Smog is air pollution that reduces visibility. The term ‘smog’ was first used in 1905 by H.A. Des Voeux to describe a blend of ‘fog’ and ‘smoke’ found over many British towns. Smog can be of two types: classical or sulfurous smog and photochemical smog or industrial smog. The ‘Great Smog of 1952’ in London is an example of sulfurous smog, also called ‘London Smog.’ This article deals with photochemical smog – components, formation, effects, and prevention.
What is Photochemical Smog
Photochemical smog, also known as ‘summer smog,’ is formed when ultraviolet (UV) light from the sun reacts with nitrogen oxides (NOx) and volatile organic compounds (VOCs). It is visible as a yellow-brown haze during the morning and in the afternoon. Photochemical smog tends to occur more often on dry summer days when the region experiences the most sunlight.
It is characteristic of urban areas and is thus commonly found in densely populated cities such as Los Angeles, Sydney, Mexico, New Delhi, and Beijing, among many others. It is also sometimes referred to as ‘Los Angeles Smog.’
Components of Photochemical Smog
Photochemical smog requires neither smoke nor fog. It mainly consists of nitrogen dioxide (NO2), ozone (O3), peroxyacetyl nitrate (PAN), and organic compounds containing the aldehyde group.
What Causes Photochemical Smog and What are the Conditions
This air pollution is formed when solar radiation reacts with primary airborne pollutants emitted from automobiles, industries, and power plants. Some common examples of primary pollutants are nitric oxide, nitrogen dioxide, nitrous oxide, and most VOCs.
During morning peak traffic hours, nitrogen oxides and VOCs are hugely released into the environment. Natural calamities such as volcanic eruptions, forest fires, and microbial activities also contribute to NO and NO2. When these primary pollutants are exposed to the sun’s ultraviolet radiation, NO2 goes through a series of complex reactions with hydrocarbons to form more secondary pollutants such as ozone, peroxyacetyl nitrate, nitric acid, aldehydes, and others.
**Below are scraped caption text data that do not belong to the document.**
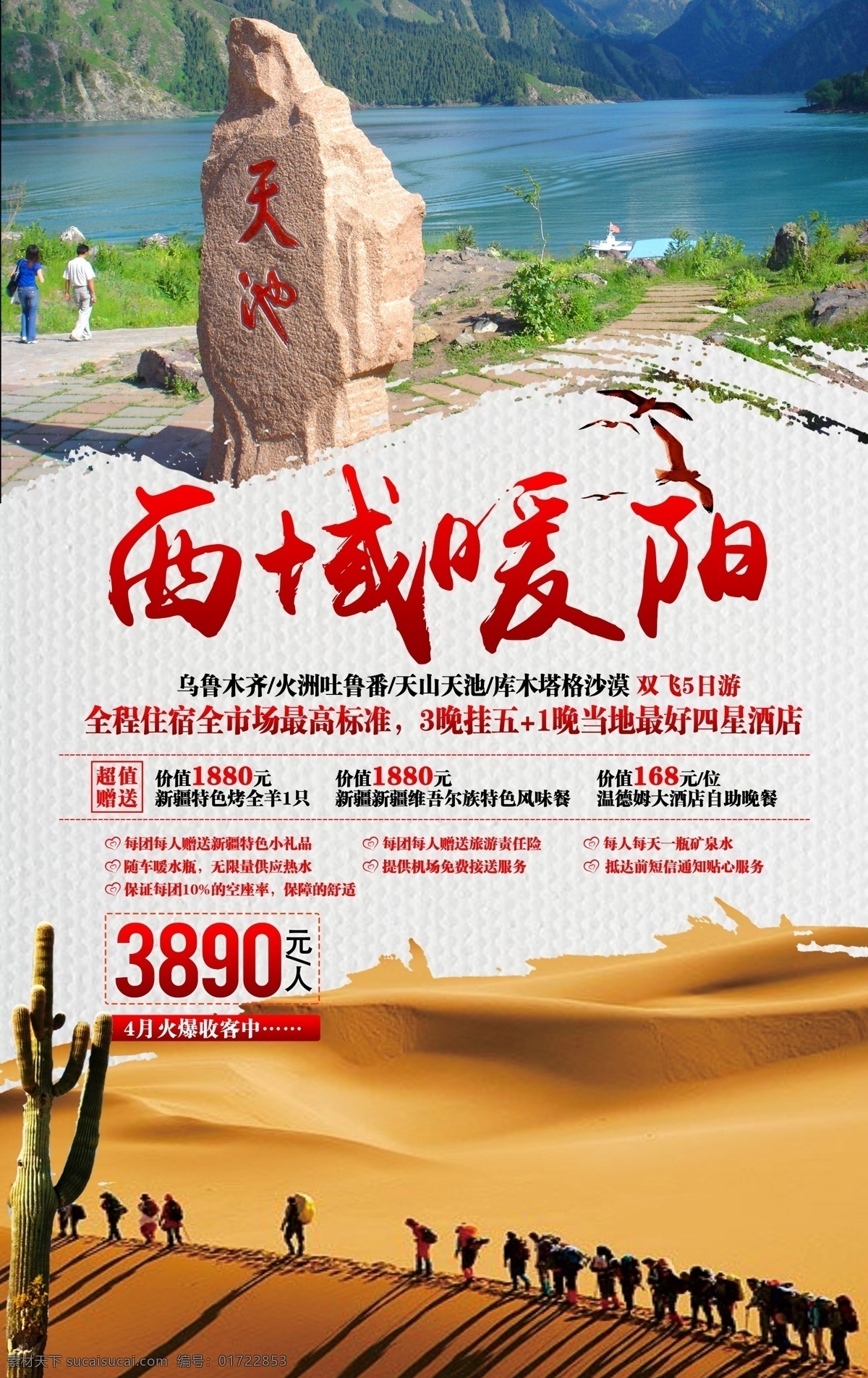 西域暖阳 新疆 旅游 天池 沙漠 仙人掌 骆驼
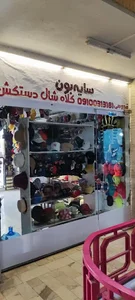 کلاه فروشی سایبون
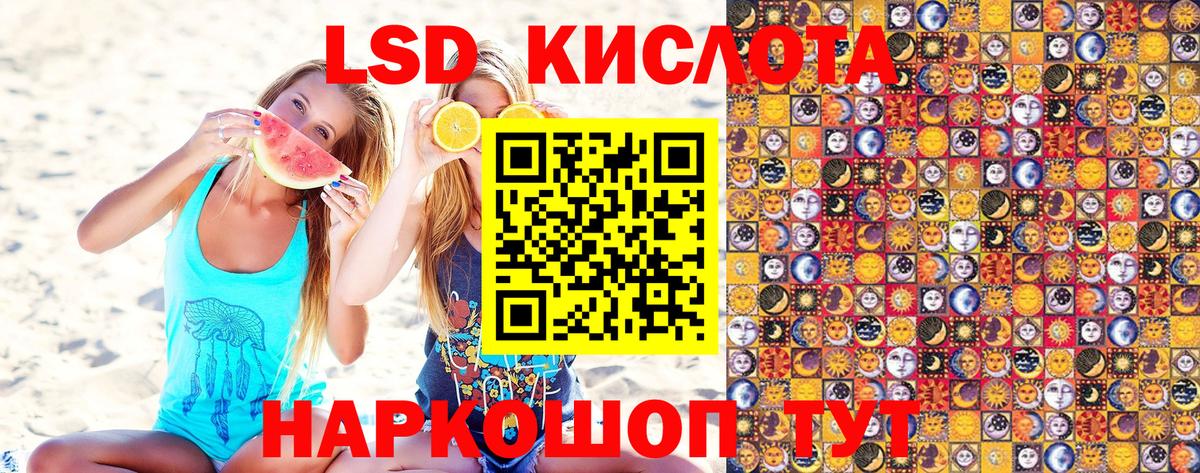 Наркотические марки 1,5мг Белебей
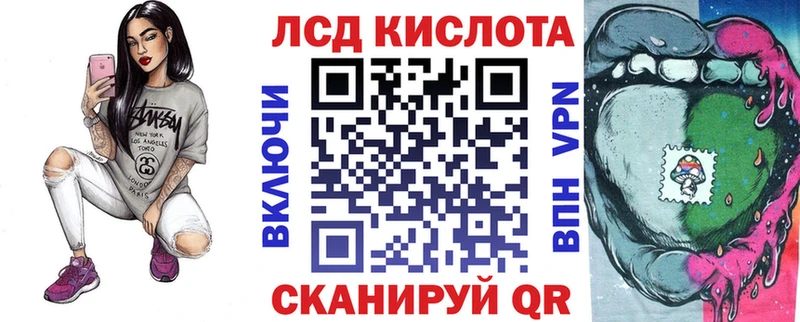 сколько стоит  MEGA рабочий сайт  Наркотические марки 1,5мг  Ишим 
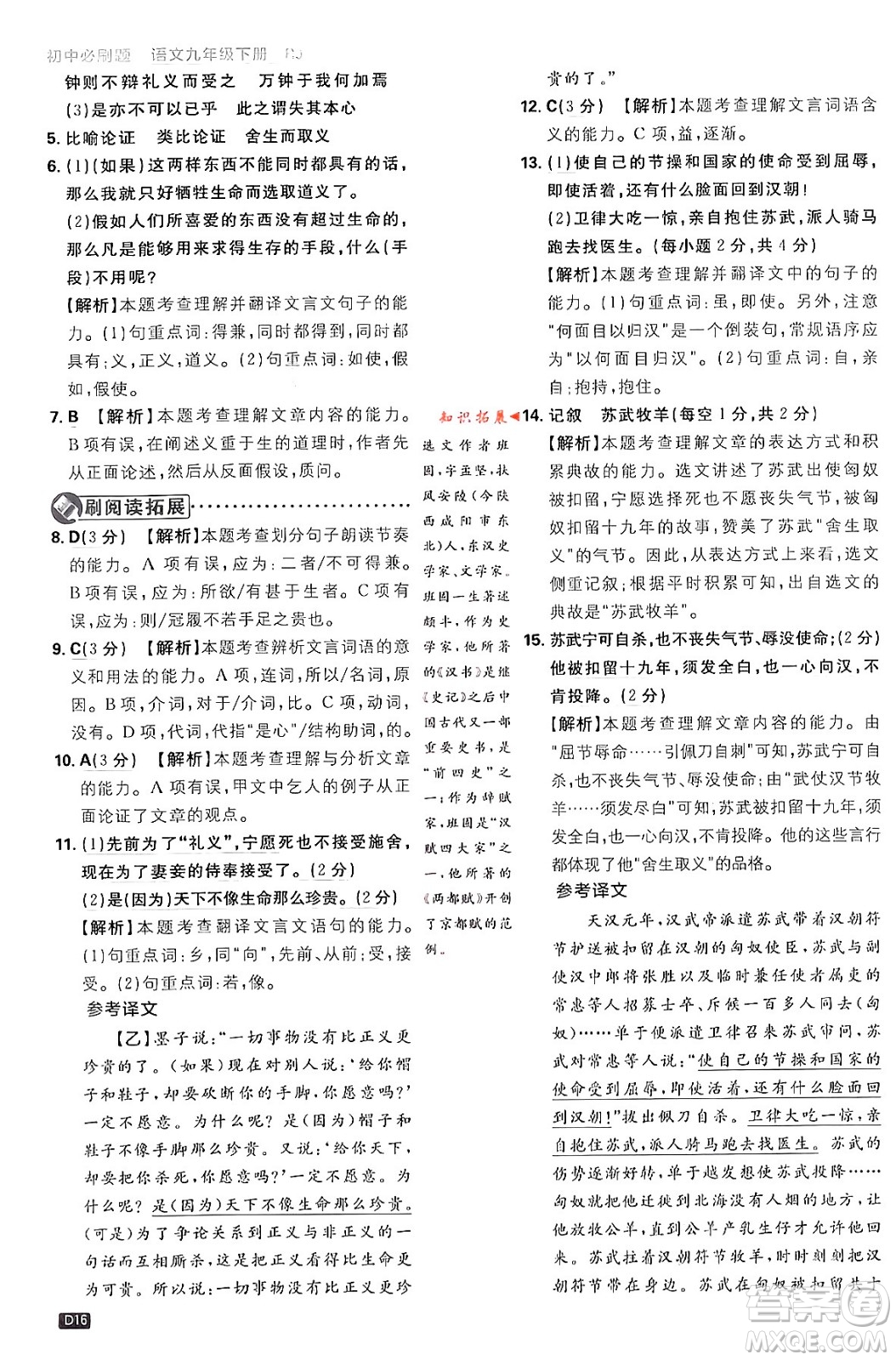 開明出版社2024年春初中必刷題九年級(jí)語文下冊(cè)人教版答案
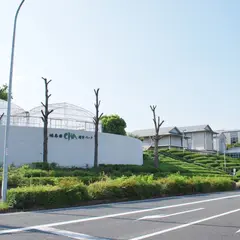 福寿園ＣＨＡ研究センター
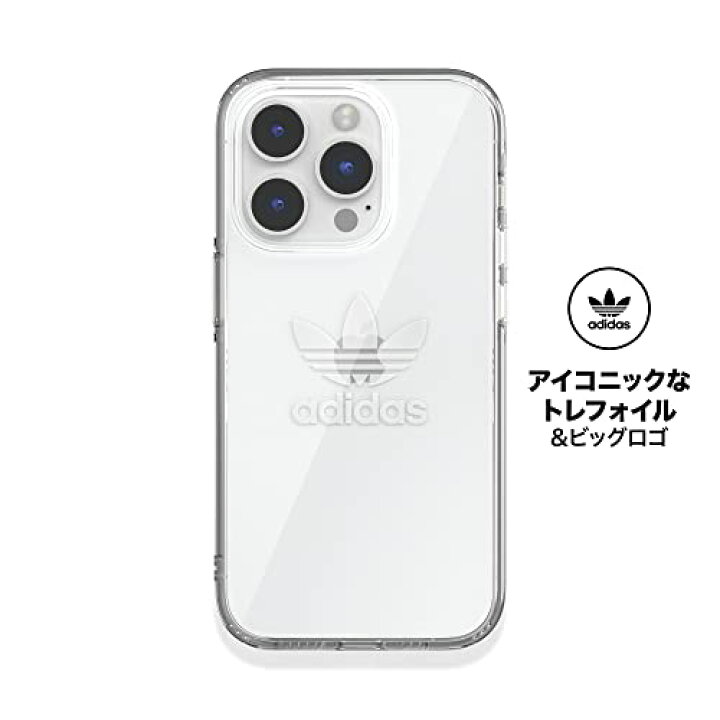 楽天市場 Adidas アディダス スマホケース Iphone14 Pro ケース Iphone 14 Pro クリアケース Iphone14pro アイフォン カバー アイフォン14プロ アイフォーン14 プロ 耐衝撃 Tpu ロゴ クリアカラー 透明 シンプル 送料無料 おしゃれ かわいい 人気 アイフォンケース 楽天市場 Adidas アディダス スマホケース Iphone14 Pro ケース Iphone 14 Pro クリアケース Iphone14pro アイフォン カバー アイフォン14プロ アイフォーン14 プロ 耐衝撃 Tpu ロゴ クリアカラー 透明 シンプル 送料無料 おしゃれ かわいい 人気 アイフォンケース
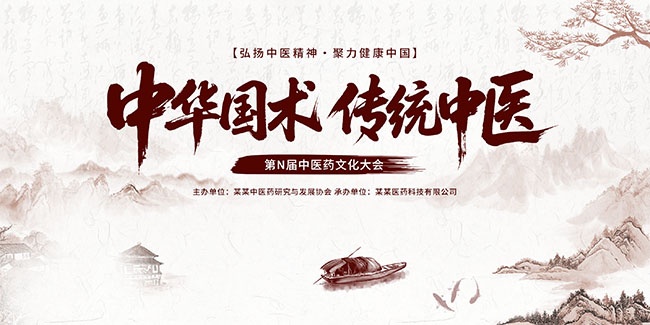 中医文化养生展板图片素材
The combination of all these chemicals causes the formation of photochemical smog.
How is Photochemical Smog Formed
The stages for photochemical smog formation is given below along with the chemical equations that show how the components react with each other:
1) In the morning, nitrogen is burned or oxidized when released from automobiles to form nitric oxide in an oxidation step.
N2 (Nitrogen) + O2 (Oxygen) → 2NO (Nitric oxide)
2) Within a few hours, nitric oxide (NO) combines with more oxygen in another oxidation reaction to form nitrogen dioxide.
2NO + O2 (Oxygen) → 2NO2 (Nitrogen dioxide)
3) Nitrogen dioxide absorbs sunlight to breaks down, forming nitric oxide (NO) and oxygen radical (O) in a reduction reaction.
NO2 (Nitrogen dioxide) + Sunlight → NO (Nitric oxide) + O (Oxygen radical)
4) Oxygen radicals react to atmospheric oxygen (O2) to form ground-level ozone (O3).
O (Oxygen radical) + O2 (Atmospheric oxygen) → O3 (Ozone)
5) Ozone is consumed by nitric oxide to produce nitrogen dioxide and oxygen. This reaction is reversible.
O3 (Ozone) + NO (Nitric oxide) ⇌ NO2 (Nitrogen dioxide) + O2 (Oxygen)
6) Nitrogen dioxide reacts with volatile organic compounds (VOCs) such as hydrocarbons (R) to form secondary pollutants such as peroxyacetyl nitrate (PAN).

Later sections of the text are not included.